Methods for estimation of ice-resistance involve:
- Model Tests
- Full-scale trials
- Empirical and numerical approaches based on past collective data.
To begin with, in the case of full-scale trials, the estimation of ‘pure ice resistance’ is based on the fact that the net ice resistance, as shown above, is composed of the open water resistance and ‘pure ice resistance’ itself. Now, Wave resistance is computed empirically from given equations.
Moving on to frictional resistance, it is calculated from model experiment data and extrapolated from existing data. So, now the last variable that needs to be calculated is the Net Resistance itself. Two methods exist
1) Shaft Thrust Method
2) Shaft Torque Method.
More common is the first one.
The estimation process includes an interplay of full-scale trials and model test. The entire aspect works on a dramatically proven hypothesis that the thrust deduction factor, t is the same in open water and in icy conditions. Though no mathematical reasoning has been provided for the same, it can be argued that the resistance offered by ice shards is similar to waves in open seas, which are minimal in icy waters and in level ice conditions when the vessel is treading forward to break the ice. The absence of one and omnipresence of another in either of the cases strike a balance! Now from open water model tests, the thrust deduction factor tp (= ti) is deduced using plot data of tp v/s Jm (advance coefficient = Ship advance Speed (V)/ Propeller Shaft rotating speed (n)* Diameter of Propeller (D)). For computing Jm, all the parameters in terms of ship speed, shaft rotation speed and propeller diameter are available from full-scale trials. Moreover, the shaft thrust in icy water conditions (Tbi) is also obtained from engine readings in trial. Hence, from the definition of thrust deduction factor itself, the net resistance in icy waters (Riw) is calculated. Now as the equation goes,
Riw = (1-tp)*Tbi
Also, the data of resistance in open waters is computed from either model data or extrapolation from full-scale data. Subtracting the latter from the net resistance in icy waters, as per the above equation, the resistance of pure ice is obtained.
The calculation of the various resistances can be calculated from purely model tests as well as per standard procedures like one prescribed by ITTC. The main challenges in model testing lies in the laying of ice, maintenance of ice in the ambient temperatures and accurate measures of resistance posed by ice.
Various methods of model ice production in model tank are used like ‘spraying’ and ‘seeding’. Spraying refers to the process of simply spraying several layers of fine-grained ice and allowing them to settle successively. Seeding is a bit complicated process as it involves spraying a single layer of ice and allowing it to grow in the ambient controlled conditions.

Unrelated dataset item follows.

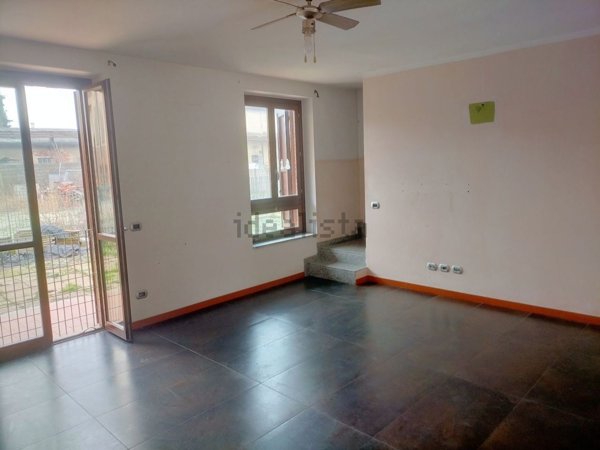 casa indipendente in vendita a Spinadesco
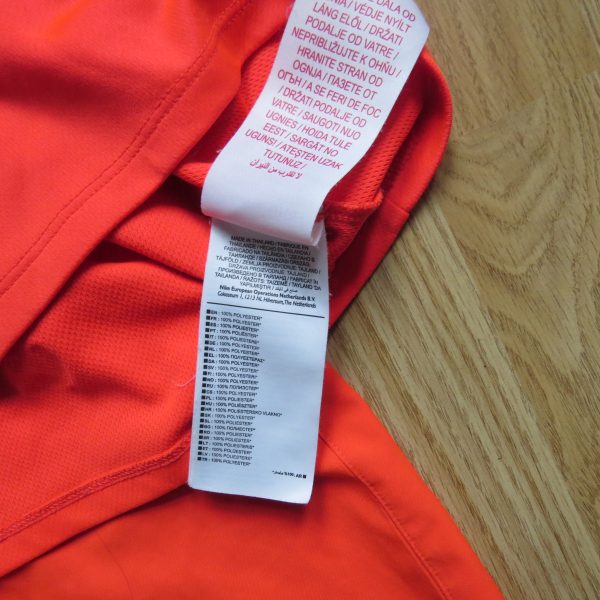 Barcelona 2014 2015 away kit shirt shorts Nike size 110-116 5-6 Years Barca (3)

Ship-model correlation scale is similar to the basis and practises of other model tank tests. In Dynamic similarities, Froude similarity (read through our previous articles on resistance) is definitely maintained along with Cauchy similarity which involves a ratio of inertial and elastic forces (related to ice). A swathe of expansive ice exhibits elastic behaviour, remember?
To enhance relation to full-scale conditions, model testing tanks also simulate ice conditions in various feasible forms like:
- Level Ice
- Predawn ice
- Ice floes
- First-year Ridges
- Rubble ice
- Brash ice
Preparation of model for ice testing is similar to that of open-water model tests. However, special care is taken to account for the unavoidable friction between the model and ice. Model data about hull form and propulsion should be presented beforehand. Since the model ice can impose a significant amount of forces on the model ship, it’s built to suitable ice forces in the tanks without structural damage.